Okay. Another one that you mentioned was the Ontario, California plant where you're converting to blue. I was curious, who are your customers that are interested in purchasing blue? Are these existing gray customers that want to go blue or these -- are these incremental customers?

David Burns

executive
#37

Well, California kind of led the way. It was kind of on the low income fuel standards and is pushed to really clean up emissions around from mobility, et cetera. For many years, they've been pushing hydrogen fueling as part of the zero emission vehicles, et cetera. So there's a quite a few fueling stations in California, many of which or most of which we supply through our fuel tech.
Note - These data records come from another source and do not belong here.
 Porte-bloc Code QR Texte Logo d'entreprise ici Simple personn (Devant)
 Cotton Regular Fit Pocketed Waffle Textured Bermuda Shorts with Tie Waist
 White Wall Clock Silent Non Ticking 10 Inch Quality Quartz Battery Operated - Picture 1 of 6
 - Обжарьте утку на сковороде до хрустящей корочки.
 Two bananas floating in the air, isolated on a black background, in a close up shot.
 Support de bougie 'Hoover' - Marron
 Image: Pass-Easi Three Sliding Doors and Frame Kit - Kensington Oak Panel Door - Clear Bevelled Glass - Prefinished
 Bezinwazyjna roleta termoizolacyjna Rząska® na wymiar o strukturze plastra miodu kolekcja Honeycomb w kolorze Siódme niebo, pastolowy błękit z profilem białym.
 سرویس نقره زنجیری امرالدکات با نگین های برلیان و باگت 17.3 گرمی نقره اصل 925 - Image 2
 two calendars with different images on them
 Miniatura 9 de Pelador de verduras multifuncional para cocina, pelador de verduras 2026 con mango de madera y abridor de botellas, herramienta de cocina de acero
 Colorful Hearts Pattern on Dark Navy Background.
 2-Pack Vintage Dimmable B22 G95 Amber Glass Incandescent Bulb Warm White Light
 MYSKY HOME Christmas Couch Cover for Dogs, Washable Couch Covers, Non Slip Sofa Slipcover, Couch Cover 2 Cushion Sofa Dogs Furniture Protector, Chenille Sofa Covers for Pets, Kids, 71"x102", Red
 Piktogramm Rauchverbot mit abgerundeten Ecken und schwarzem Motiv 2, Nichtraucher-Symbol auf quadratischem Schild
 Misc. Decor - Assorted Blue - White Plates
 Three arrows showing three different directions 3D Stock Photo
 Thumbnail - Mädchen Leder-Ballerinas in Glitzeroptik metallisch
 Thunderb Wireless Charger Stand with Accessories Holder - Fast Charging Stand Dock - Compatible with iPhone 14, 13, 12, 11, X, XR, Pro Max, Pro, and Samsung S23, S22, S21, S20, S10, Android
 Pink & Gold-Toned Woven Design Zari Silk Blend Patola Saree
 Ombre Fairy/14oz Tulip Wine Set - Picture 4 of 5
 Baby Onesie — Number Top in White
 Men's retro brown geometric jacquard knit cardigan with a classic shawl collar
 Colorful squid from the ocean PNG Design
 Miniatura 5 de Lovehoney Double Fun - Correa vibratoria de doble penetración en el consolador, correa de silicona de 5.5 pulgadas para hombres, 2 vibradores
We have Linde hydrogen fuel tech, which provides fueling systems for vehicles, cars, buses, trucks, all the way up to trains, where we can take liquid and put gas on board or take gas on board, high pressure gas. So there's actually quite a developing infrastructure in California for clean hydrogen, blue and green, and so lot of that hydrogen is going to support that. There was -- there's some other customers outside of California, who were also looking to clean up as well, but use clean hydrogen. Some big names out there, who we are taking hydrogen today. So that was part of building the capabilities to support that growth and those kind of customers. And we're looking to do more of that as the market continues to grow, especially in the U.S. as under the new administration we're looking potentially a lot more investment, a lot more stimulants, many coming available to grow clean hydrogen outside of California, and we're looking to participate in that as well.

Steve Byrne

analyst
#38

David, there's a whole lot more we can talk about. We didn't even get to China yet or Korea. But I think we've run out of time. But anyway, listen, hey, appreciate your joining us today. Thanks for the update and look forward to catching up with you again on this. But our best to you, okay?

David Burns

executive
#39

And to you. Thank you very much. Thanks for the opportunity. Thank you, Steve. Bye-bye.